Training and testing flow

Fig 1 summarises the training and testing flow. The main data collection occurred at ‘Test (Performance) Sessions’ (one or more interactions with the experimenters), with the first being at baseline (prior to the first lesson: ‘Test Session m0’, i.e., month zero), others at the end of every 3 month block. Therefore, Test Sessions m0 and m12 encompass the teaching, Test Sessions m15 and m18 the period after the teaching. Testing Sessions m3–m12 included one-on-one ‘Session Performances m3–m12’. The counterbalanced cross-over (within participants) design was such that for each participant group, every block or post-session 3-month period had a unique description in terms of time segment number (4 units across training, 2 thereafter), keyboard or iPad use, replication or improvisation training counts. Given the counterbalancing of group orders (see Fig 1) this also ensured there was no overall co-linearity between any of these significant performance predictors, and models of the data could be unambiguous. The 5 items performed in each Test Session Performance (detailed immediately after Fig 1) are termed ‘Performance Items’ 1 to 5. The Session Performances were intended both as data gathering and to impart continuing group enthusiasm (they were framed as a ‘celebration’). As mentioned already, standardised qualitative interviews (delivered by JM or RTD), and cognitive tests (delivered by AC) occurred shortly after Test Sessions m3-m12, usually in direct succession to each other. The cognitive tests were also delivered at m0.

Download:

• PPT
  PowerPoint slide
• PNG
  larger image
• TIFF
  original image

Fig 1. Overview of the AMME teaching program.

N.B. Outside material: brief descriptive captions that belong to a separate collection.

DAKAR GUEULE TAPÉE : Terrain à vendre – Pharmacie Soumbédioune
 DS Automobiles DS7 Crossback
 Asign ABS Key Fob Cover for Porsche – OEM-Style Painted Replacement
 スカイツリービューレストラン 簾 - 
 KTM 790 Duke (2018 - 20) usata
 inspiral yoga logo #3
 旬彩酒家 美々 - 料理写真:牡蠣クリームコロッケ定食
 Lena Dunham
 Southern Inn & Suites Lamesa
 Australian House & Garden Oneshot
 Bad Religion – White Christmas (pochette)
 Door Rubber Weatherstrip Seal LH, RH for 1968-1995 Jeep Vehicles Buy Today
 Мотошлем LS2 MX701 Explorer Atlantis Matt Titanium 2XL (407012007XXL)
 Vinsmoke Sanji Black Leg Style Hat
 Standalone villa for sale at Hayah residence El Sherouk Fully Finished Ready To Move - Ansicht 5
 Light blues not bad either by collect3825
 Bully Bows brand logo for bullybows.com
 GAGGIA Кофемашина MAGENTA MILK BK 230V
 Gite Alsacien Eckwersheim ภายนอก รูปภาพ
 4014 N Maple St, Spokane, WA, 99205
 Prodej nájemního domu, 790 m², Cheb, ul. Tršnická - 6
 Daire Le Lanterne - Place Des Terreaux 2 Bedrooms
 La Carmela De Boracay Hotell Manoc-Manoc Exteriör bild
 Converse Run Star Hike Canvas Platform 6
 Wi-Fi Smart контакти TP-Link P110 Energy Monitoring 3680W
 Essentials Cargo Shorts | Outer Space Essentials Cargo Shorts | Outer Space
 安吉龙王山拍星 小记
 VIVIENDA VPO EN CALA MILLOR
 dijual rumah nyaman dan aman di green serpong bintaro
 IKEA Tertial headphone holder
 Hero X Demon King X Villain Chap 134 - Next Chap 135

https://doi.org/10.1371/journal.pone.0320055.g001

Each of the four ‘3 month’ quadrants represents a teaching block that focused on a particular instrument and task, with the full four blocks equating to the year of learning (with the specific ordering of instrument and task randomised and counterbalanced across the ten groups). The diagram illustrates one possible sequence, given that for the counterbalancing, the Instruments were adopted for 6-month blocks, while the musical approaches were adopted for 3-month blocks. During each 3 month block, 6 one hour lessons were given, and practise foci prescribed for the upcoming period. The ‘Test Sessions’ comprised the Performance session (with 5 successive performance items as described in the immediately following text), and the test battery and qualitative interviews (normally done in immediate online apposition to each other, but by AC (test battery), and either JM or RTD (interviews)).

As just noted, between blocks, in a ‘Test (Performance) Session’ participants played 5 successive ‘Session Performances’, each supported by an individual researcher online (including our technical assistant, and occasionally two others) in a Zoom break-out room. For each of the 5 Performance items, participants were given 2 minutes practice time before a MIDI recording was taken, with the following procedure:

1. A favourite rehearsed song (or in the case of improvisation blocks, they could render an improvisation they had been developing).
2. Returning temporarily to the group meeting room, the participants communally chose a tune from a possible bank that they thought they remembered hearing (outside of lessons), but had not studied. Then in individual break-out rooms they attempted to play this melody.
3. They were given 3 brief aural exposures (individually, in the break out rooms) to a recording of the unstudied melody while experimenting with their keyboard at rendering it during the 2 minutes practice time, and then made a further attempt at performing it.
4. Remaining in the break out room with their researcher-supporter, they performed this and the following item. For item 4, they improvised freely on their own choice of a melody fragment. We suggested participants chose a simple short sequence of 3–4 notes, from or related to item 3.
5. They improvised on the fragment, but specifying selected improvisation tools out of the list of 14 (we recommended using 1–2 tools at most, see below for details).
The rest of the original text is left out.